The exchange came at a meeting in Tashkent yesterday between Karimov and the chairman of the OSCE, Polish Foreign Minister Bronislav Geremek. The exchange was later described as "very frank."
About nine million people -- a third of Uzbekistan's population -- live in the Ferghana valley. It was the scene of rioting in 1990 and Uzbek government has several times expressed concern at what it considers as Muslim fundamentalism in the region. Last year the government detained a number of Ferghana Valley Islamic clerics on various charges. It also restricted the activities of some religious schools in the region.
Tension rose in January when seven policemen were killed in a clash in the valley. The incident was blamed on religious extremism. The OSCE office in Tashkent says the government responded sharply and it has received reports of scores of arrests.
According to OSCE officials, Karimov told Geremek yesterday that religious fundamentalism was the main threat to stability in the region and he could not ignore its dangers. He reminded the OSCE chairman that about 80 percent of the population in Uzbekistan and in surrounding countries are Muslims and that the use of religion as a political instrument could lead to destabilization, not only in Uzbekistan but also in neighboring countries.
Karimov argued that 70 years of Soviet communism had created a special kind of mentality which could be used by neo-communists and fundamentalist political activists. He told Geremek that in this situation he sometimes has to take "painful but necessary" measures to ensure stability.
OSCE officials traveling with Geremek said Karimov left the impression that he believed he had a personal role to play in blocking the danger of religious fundamentalism in Central Asia.
At one point, Karimov told Geremek that as the chairman of the OSCE he might disagree with the measures. But as an intellectual and a historian he should have some understanding for the measures taken.
The OSCE officials said that Karimov did not give any details. His answers were couched in general terms.
The OSCE officials said that during the discussion, Geremek reminded Karimov of Algeria's experience in trying to cope with religious fundamentalism. He argued that Algeria showed that repression actually helped strengthen the fundamentalists. He argued that extremists that could not win unless they were persecuted.
The OSCE officials said there was no indication that Karimov was convinced by Geremek's arguments.
Geremek and Karimov also discussed terrorism and violence in other countries, particularly in neighboring Tajikistan, where attacks on police officers and government officials continue despite the official cease-fire in the civil war. OSCE officials said the Uzbek government believes terrorists are trained at special camps in Afghanistan and in Pakistan. Government officials argued that what had happened in Tajikistan could also happen in other countries.
OSCE officials said that Karimov also expressed dissatisfaction with the way the organization treats its five Central Asian members. He said OSCE appeared to draw a line between Central Asia and its European members. He said that OSCE failed to recognize that unrest in Central Asia could endanger European security.

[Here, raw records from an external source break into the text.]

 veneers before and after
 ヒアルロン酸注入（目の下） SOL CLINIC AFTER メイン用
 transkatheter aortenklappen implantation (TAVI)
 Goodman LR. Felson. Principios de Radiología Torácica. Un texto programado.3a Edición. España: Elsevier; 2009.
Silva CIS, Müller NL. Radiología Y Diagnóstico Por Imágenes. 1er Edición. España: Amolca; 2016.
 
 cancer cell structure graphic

Geremek heard a similar warning when he visited Kazakhstan last week. Kazakh President Nursultan Nazarbayev said he was disappointed that OSCE had not played a more active role during the five-year Tajik civil war. Like Karimov, the Kazakh leader said OSCE paid too little attention to Central Asia.

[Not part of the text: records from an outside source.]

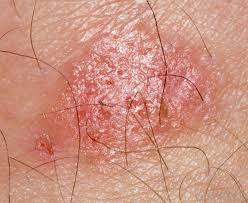 Susceptible fungi and yeast include. What Is Ketoconazole With Pictures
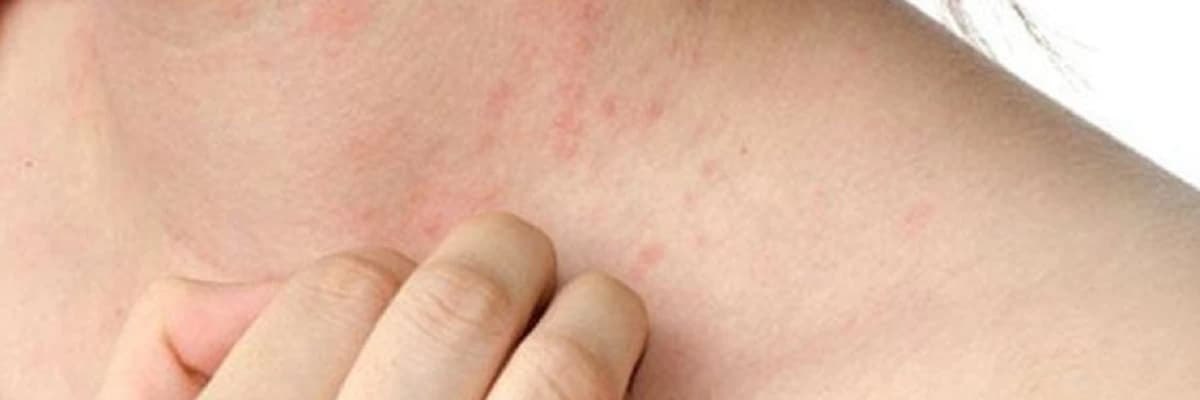 Yazın ən aktiv allergik xəstəliyi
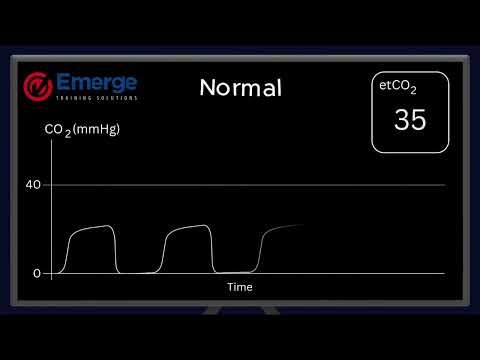 Waveform Capnography - Normal Waveform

Geremek reminded both of them that OSCE has a permanent office in Uzbekistan and a special mission in Tajikistan. Geremek said he personally believed there should also be an OSCE mission in Kyrgyzstan.
During the talks in Tashkent, the OSCE chairman also asked the Uzbek president to register a non-government organization, the Human Rights Society of Uzbekistan, which was founded in 1992. It is linked to the opposition and considered by international organizations to be the main independent source on human rights abuses in Uzbekistan. The government has repeatedly declined to act on its registration petition, claiming there are technical problems with its paperwork.

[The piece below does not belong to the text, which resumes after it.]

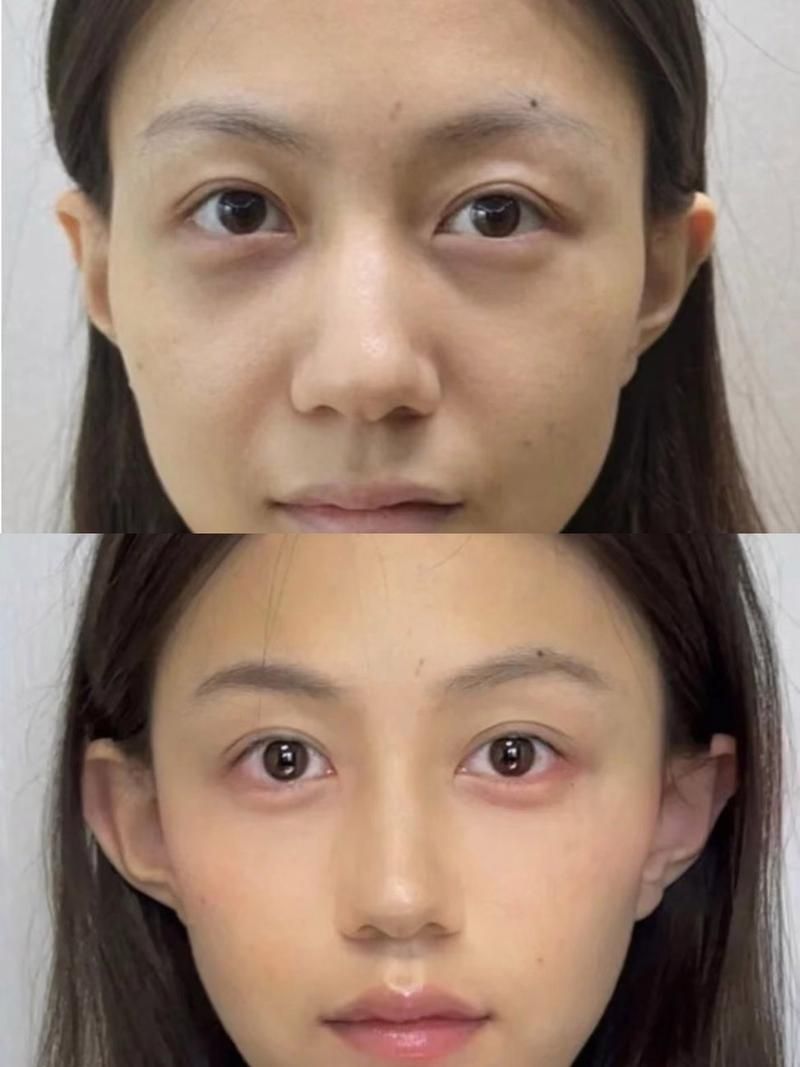能否提供更詳細(xì)的對(duì)比圖 能否提供更詳細(xì)的對(duì)比圖 龍魚(yú)百科 第6張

Before his meeting with Karimov, Geremek met at the OSCE offices in Tashkent with representatives of the Human Rights Society and other non-government organizations. He was told that a member of the Human Rights Society, Shovriq Rozimurodov, had been arrested on April 5 on charges of illegal possession of 12 cartridges.
Rozimurodov is a former member of parliament and in 1990 was the only deputy who publicly opposed the election of Karimov as state president. He now leads the Qashqadaryo branch of the organization in southern Uzbekistan. Geremek was told the Human Rights Society believes the cartridges were planted in his apartment to provide a basis for his detention.